Wieder einmal ist es hoch interessant, wie sich Romanfiguren verselbständigen, und zwar gerade dann, wenn sich ein Text über mehrere Bücher erstreckt, also auch autorenbiografisch der Zeit unterliegt. Ein gutes Beispiel ist Tonio Ungefugger, für den einst *** und sein berühmt-berüchtigter Strukturvertrieb, den ich aus eigener Anschauung sehr genau kannte, als Vorlage dienten.
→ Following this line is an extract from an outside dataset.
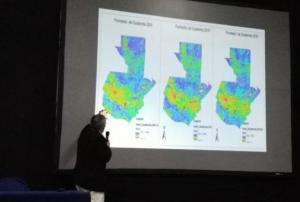 Member of Guatemalan team presenting drought maps.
Bis in die Farbgebungen hinein hab ich das nachgestellt, und das große Mainzer Bundesgeschäftstellenleitertreffen der EWG in THETIS ist nicht etwa Karikatur, sondern nahezu ein – freilich in die utopische Welt des Anderswelt-Projektes transponiertes – Protokoll. Im Roman stattete ich den Mann mit noch mehr Macht aus, als er ohnedies schon hatte, und setzte diese auf seine zweifelsfrei enorme, besonders auf schlichtere Gemüter wirkende Verführungskraft. Das übertrug ich auf Buenos Aires und den darbenden Osten Europas und politisierte schließlich, was in der „Realität“ bloßer Geldhunger war. Genau das hatte zur Folge, daß meine eindeutig ablehnende Haltung gegenüber dieser Figur bereits in THETIS schleichend zerfiel: Sie bekam einen zunehmend ambivalenten Charakter, tatsächlich Charakter nämlich, ob ich das wollte oder nicht. Plötzlich befand sich Ungefugger in tragischen Situationen, er wurde leidfähig und selber getrieben. Der Roman schuf aus dieser Figur ganz gegen meinen Willen einen Menschen. Hiergegen kann sich ein Dichter nicht wehren, will er auf die poetische Entwicklung hören, die sich ihm eingibt, die aus den Sätzen, aus unversehenen Einfällen springt, an die er anfangs gar nicht dachte und auch nicht denken konnte. Nun setzt sich das in ARGO fort, ja besonders die Verantwortung, die Ungefugger jetzt als Staatspräsident trägt, formt ihn zu einer mich selbst beeindruckenden Gestalt. Und dies, obwohl mir seine Politik alles andere als angenehm ist. Unter einem wie ihm wäre auch ich Myrmidone. Aber der Mann macht einem klar, was unter Staatsraison verstanden werden muß. Und bekommt genau darüber diesen sehr massiven mythischen Zug, den er selbst als Unsterblicher und trotz seines Eisblicks noch in THETIS nicht hatte. Da bestand er zu zwei Dritteln aus Gier und zu einem aus Kitsch. Nun ist er hart geworden und geworfen zugleich.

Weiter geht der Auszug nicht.